The Phoenix Rises Again

Photos by Luke George Photography

Benicia is a city steeped in California history, much of which can be seen at the Museum of History-Benicia, formerly Benicia Historical Museum

When the Benicia Fire Museum decided to close its doors in 2021, the Museum of History, Benicia (MoHB) stepped in to save the museum’s artifacts by taking over the museum.  All artifacts had to be reviewed, researched and cataloged.  It was, and continues to be a big job.

The fire trucks (two engines and three hand pumpers), are the largest artifacts in the museum, and the jewel of the collection is The Phoenix.  The Phoenix is the oldest of the group, and was built around 1839 by John Agnew of Philadelphia.  It is a hand-pumper built in the Philadelphia style, and requires several people to operate it.  Firemen stand on the upper duckboards and alongside the engine, pumping on either side of the mechanism which draws water from a tender or nearby water source to project through one of its buffalo hide hoses. 

The Phoenix appears in historical records as a well-known and widely celebrated pumper; it first resided at the Phoenix Hose Company No. 11, in Philadelphia.  The company went out of active service on March 15, 1871, when the paid fire department was placed in service.  The pumper was quite a celebrity in its time.  The Public Ledger dated December 24, 1840, page 2, gave us the following description: “Decorative Painting, Eisenbright (misspelled); Carving, Smith: Engraving, Gaskill and Copper: Bronzing, Hemphill.  The members of the Company furnished a light collation (light meal) on the occasion of bringing home their new apparatus.”

Painted on the side of the Phoenix is the motto, Surgo Lucidius (I arise in radiance), which was once the adage used by the Phoenix Engine Company of Philadelphia. 

The Phoenix was in service until 1854. The Daily Pennsylvanian dated April 21, 1854, page 3, states, “The career of the old apparatus, is not uninteresting and worthy of notice.  She was bought by two members of the Company and sent to California for sale.  Last February she was paraded with the San Francisco Fire Department, and after the parade was tried by the members of the Pennsylvania Fire Company, of that city, [Pennsylvania Fire Company of San Francisco] when she threw two side streams over the City Hall. 

The apparatus was subsequently sold for $3,500, to the Pacific Mail Steamship Company for the works at Benicia.”  An interesting side note regarding the painting on the pumper, the art was created by Eisenbrey and refers to his brother, George L. Eisenbrey, who was a member of the Phoenix Hose Company.  On June 24, 1841, he was battling a large fire with his company, when he was killed by falling brick walls.  The fire was located at Mulford & Alter’s Wholesale Grocery Store, 247 Market St., above 6th St. The brick wall in the painting refers to that tragic incident.  

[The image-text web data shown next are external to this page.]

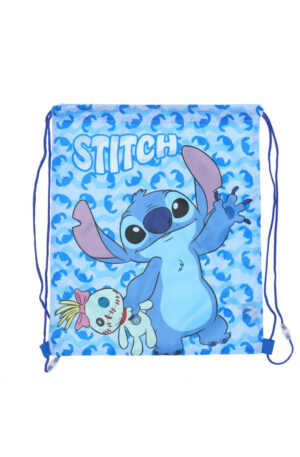 Disney Lilo és Stitch, A csillagkutya Scrump sporttáska, tornazsák 40 cm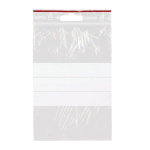 Lynlåspose 80x120 mm. m/skrivefelt Nr. 65 T230305 (100 stk.)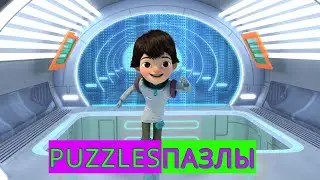 PUZZLES / ПАЗЛЫ / Miles From Tomorrowland - Multilanguage (26 Languages) + Localized Logo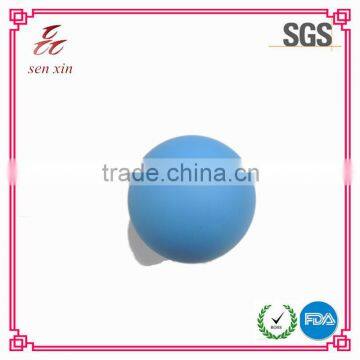 High Quality Colorful Solid Rubbe Bouncing Ball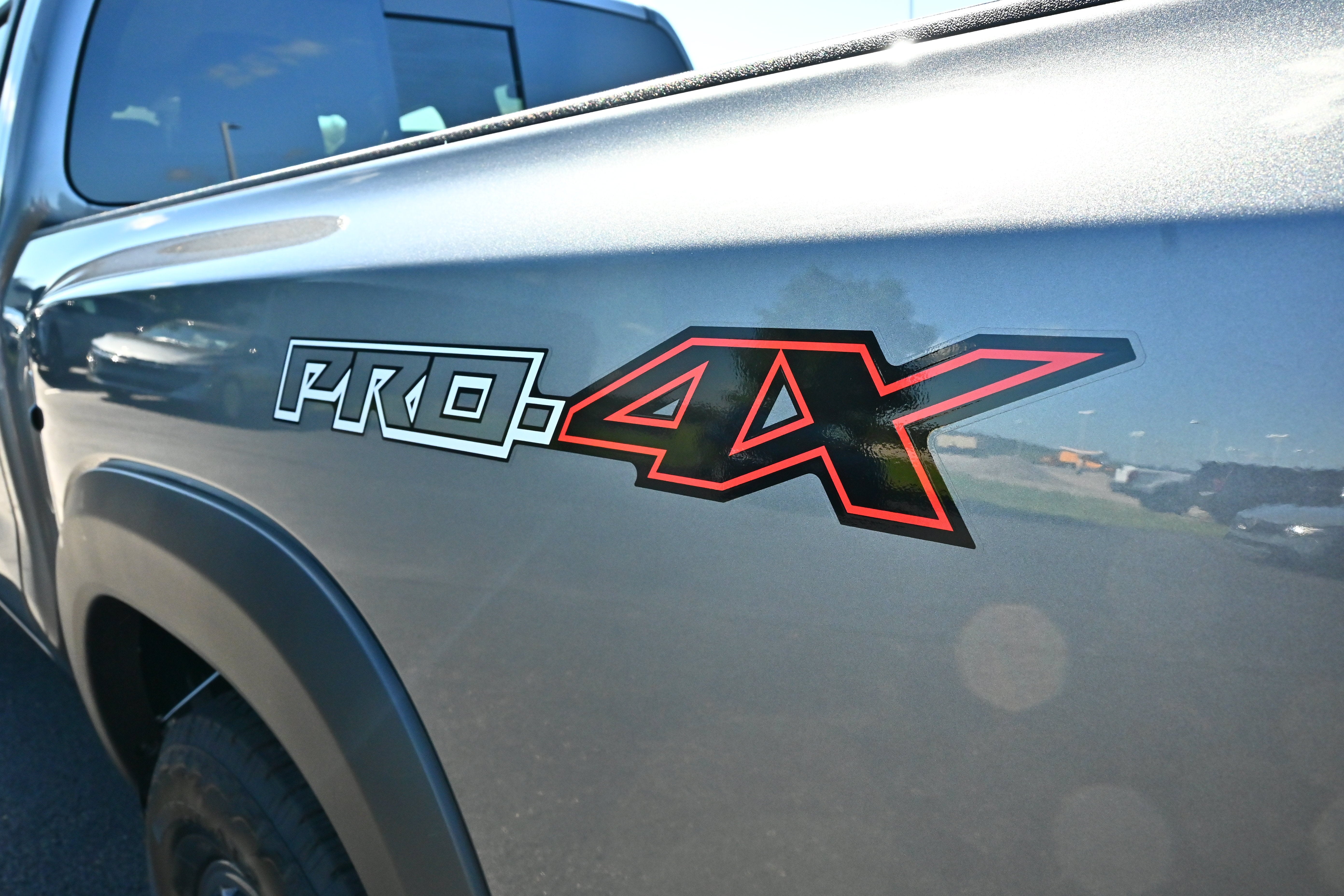 2026 Nissan Frontier Crew Cab PRO-4X® Long Bed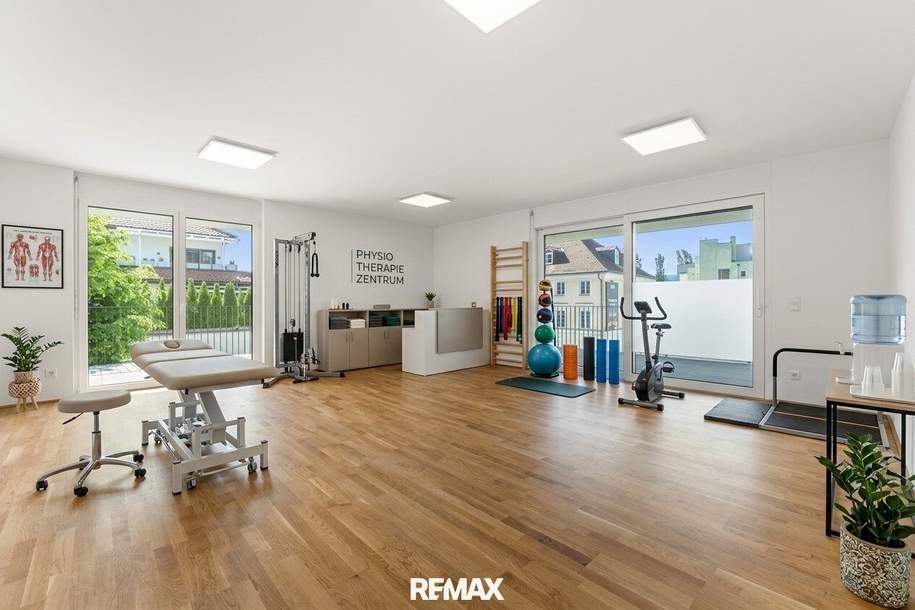 Moderne, barrierefreie Praxisfläche mit großzügiger Terrasse: Erstbezug im Zentrum von Krumpendorf am Wörthersee, Wohnung-kauf, 519.250,€, 9201 Klagenfurt Land
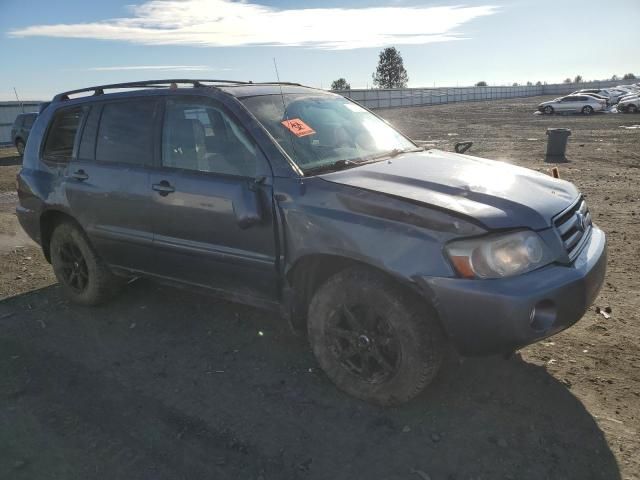 2007 Toyota Highlander Sport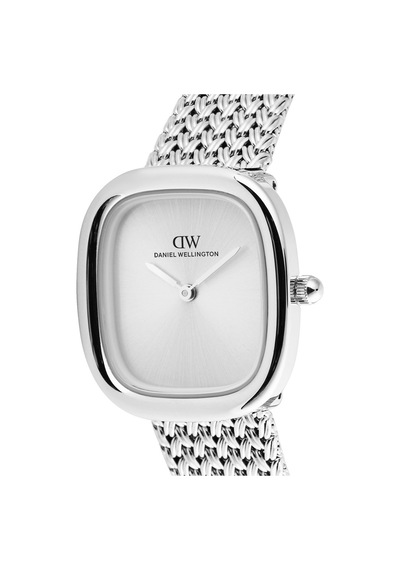 Daniel Wellington Margot Braided Mesh Unitone Silver Dw00600963 Kadın Kol Saati Gümüş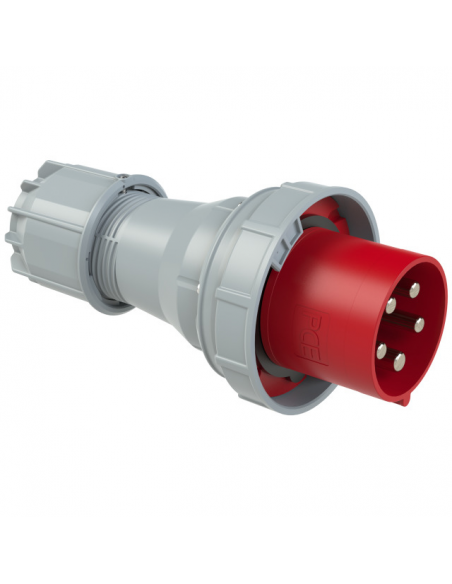 FICHA MACHO IP67 125A 3P+T 400V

The Phoenix then was moved to Benicia, where, in 1863 it was moved from the docks to the fire station on East 7th St. above H St. 

While it was stored in the station belonging to the Benicia Fire Department (BFD), the Phoenix was manned by individuals with ties to the Pacific Mail Steamship Company.  In 1878, Benicia Fire Department was able to purchase the Phoenix from Pacific Mail.  It remained in service for BFD until June 5, 1923, when it was donated to the M.H. deYoung Memorial Museum in San Francisco.  The deYoung displayed the Phoenix at the museum until the 1960s, when they loaned it to the Sutro Baths.  The de Young then loaned the Phoenix back to Benicia via the Benicia Volunteer Fire Department in 1966.  By a stroke of luck, members of the Benicia Volunteer Fire Department picked up the Phoenix from the Sutro Baths just before a suspicious fire burned the bathhouse to the ground.  

There were several attempts in 1966 and 1967 to get the de Young to donate the Phoenix to Benicia. 

The BFD, the Native Sons of the Golden West, and the Benicia City Council worked hard to make it happen.  Unsuccessful, they settled on the de Young loaning the pumper to Benicia.

When the Benicia Fire Museum turned its collection and business over to the MoHB, the museum Executive Director Jen Roger contacted the de Young to reestablish the loan between the de Young and the MoHB.  She requested that the loan be converted to a deaccession on their part, and given to the Museum of History, Benicia.  And that is what has happened: one hundred years, almost to the day, after the City of Benicia donated the Phoenix to the de Young, the Phoenix has returned home permanently.